S’agissant de la situation de l’Eglise catholique en Terre Sainte, pouvez-vous nous parler des grands dossiers en cours de règlement et de l’état d’avancement des négociations, en particulier au sujet de l’accord entre Israël et le Saint-Siège?

La chrétienté maintient ses efforts pour conserver sa présence en Terre Sainte, menacée par un déclin causé par des raisons multiples, de caractère politique, économique, mais également religieux. Dans ce contexte, l’Eglise catholique a mis en œuvre différentes initiatives en faveur des chrétiens. Le Saint-Siège, en particulier, a négocié des accords avec l’Etat d’Israël et l’Etat de Palestine qui contribuent à garantir des conditions de stabilité pour les institutions ecclésiales et religieuses lors des mutations historiques survenues en Terre Sainte ces soixante-dix dernières années. L’épisode bien connu de la fermeture de la Basilique du Saint-Sépulcre, en février dernier, a été un signal supplémentaire du caractère opportun, pour l’Eglise catholique, de parvenir rapidement à un accord sur les matières économiques et fiscales entre le Saint-Siège et Israël.

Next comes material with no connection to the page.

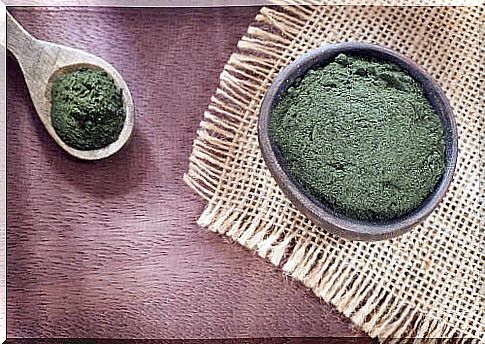 Spirulina contains very, very few calories.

En novembre 2016, cette négociation bilatérale a repris son cours.  


Une loi récemment votée en Israël, sur l’Etat-nation du peuple juif, a provoqué de vives réactions de la part en particulier du Patriarcat latin de Jérusalem, qu’en pensez-vous en tant que représentant du Saint-Siège dans ce pays?

Effectivement, la nouvelle loi sur l’Etat-nation a suscité des réactions non négligeables, et elle continue à le faire. En tant que représentant pontifical, je n’ai pas l’intention d’entrer dans les détails, puisqu’il s’agit là d’une loi votée par la Knesset, qui est l’organe de l’Etat élu démocratiquement, représentatif du peuple et chargé de légiférer. C’est plutôt la voix de l’Eglise locale qui a le droit et le devoir de se prononcer, comme elle l’a du reste fait par le biais d’une déclaration du Patriarcat latin.

Dans celle-ci, la nouvelle loi est décrite comme « exclusive plutôt qu’inclusive, controversée que consensuelle, politisée davantage qu’enracinée dans les lois fondamentales, communes et acceptables par toutes les fractions de la population ». Il est affirmé en outre que « les citoyens chrétiens d’Israël partagent les mêmes inquiétudes, tout comme toute communauté non-juive en ce qui concerne cette loi et appellent tous les citoyens de l’Etat d’Israël qui croient encore au concept fondamental d’égalité entre tous les citoyens de la même nation à exprimer leur opposition à cette loi et à avertir des dangers qui en émanent ». 
 

Vous rencontrez régulièrement les catholiques de Terre Sainte, en Palestine et en Israël, quelles sont les caractéristiques de ces diverses communautés et où situez-vous les urgences de soutien envers elles?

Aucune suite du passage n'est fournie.